The character we see most is mirror-Spock. In the teaser his different appearance is the main visual used to establish that something weird has happened to the landing party. Bruce Shoengarth, the film editor gives us two big close-ups of Spock with beard, and one tracking shot from Kirk's point of view showing Spock armed with a dagger and phaser. When Spock uses the agoniser on Lieutenant Kyle it establishes that not only does this Spock look different, but he acts differently as well. The difference extends beyond Spock simply being a Vulcan who has decided it is logical to match the humans' brutality. When Spock tells Kirk, “I have found you to be an excellent officer. Our missions together have been both successful and profitable,” it's more than just simple flattery. As he says, “I do not desire the captaincy. I much prefer my scientific duties. I am frankly content to be a lesser target.” It's tempting to wonder if Spock protected mirror-Kirk, foiling assassination attempts against his commander to avoid becoming Captain himself. Interestingly one of Spock's guards is a Vulcan, suggesting the entire race is less isolationist than they appear to be in the main Star Trek universe.

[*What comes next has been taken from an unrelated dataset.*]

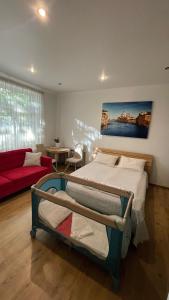 a bedroom with a bed and a red couch at Apartment Danes 35 in Klaipėda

So, what's the history of the Terran Empire? It's more than just a simple inversion of the Federation. There are plenty of hints it might be that parallel history regular, a world where Rome never fell. We have the Roman-esque salute. The Terran Empire's logo, a Gladius like short sword impaling the Earth. Advancement by assassination. And, most obviously, Marlena Moreau's comment, “if I'm to be the woman of a Caesar.” Also, though probably coincidentally, the costume department have armed the bridge crew in the style of Roman soldiers with a primary weapon, the phaser, and a dagger (in a nice touch the phaser is worn on the left continuing the mirror image theme).

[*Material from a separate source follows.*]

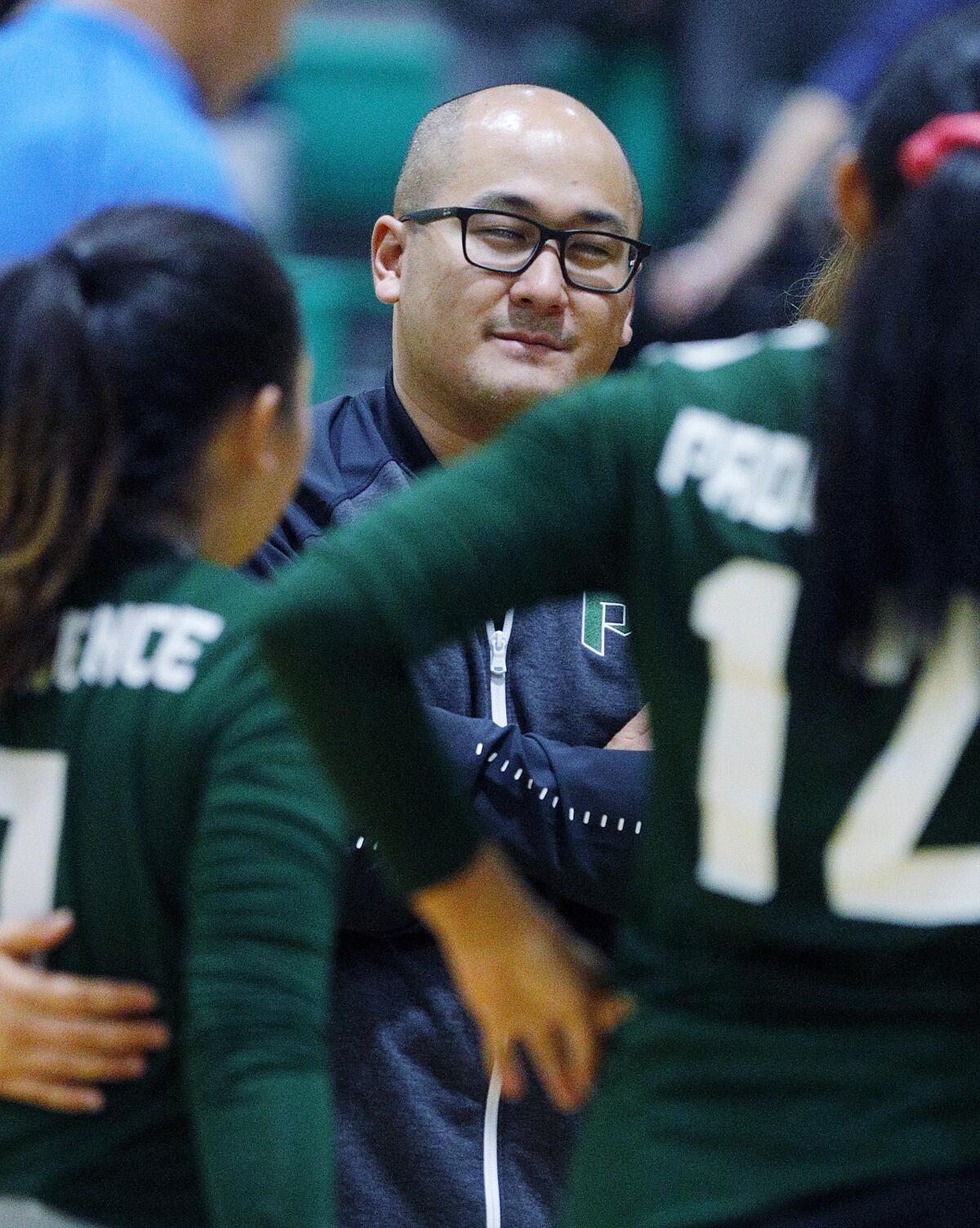 Providence's head coach James Jimenez gathers his team during a timeout in the match with Polytechnic at a Prep League girls' volleyball match at Providence High School on Tuesday, September 17, 2019.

What really pleases about Mirror, Mirror is its subtlety. That might seem an odd word to use for an episode which features the leering scarred face of Mr Sulu, or William Shatner seizing the opportunity to go over the top as he's dragged down a corridor bellowing, “I order you, Let me go! Traitors! Spock, get these men off me!” but this is a story packed with small moments among the equally enjoyable over the top scenes. Look at the disdainful way mirror-Spock drops Mr. Kyle's agoniser after use, rather than handing it back. And how agonisers are for enlisted men only, not bridge officers. And, having said the Terran Empire is not pointlessly sadistic there is something aptly unpleasant in the way the crew have to wear their own agonisers. It's not sufficient for the Empire to punish failure with extreme pain, each man has to deal with the humiliation of carrying the source of their pain as personal equipment.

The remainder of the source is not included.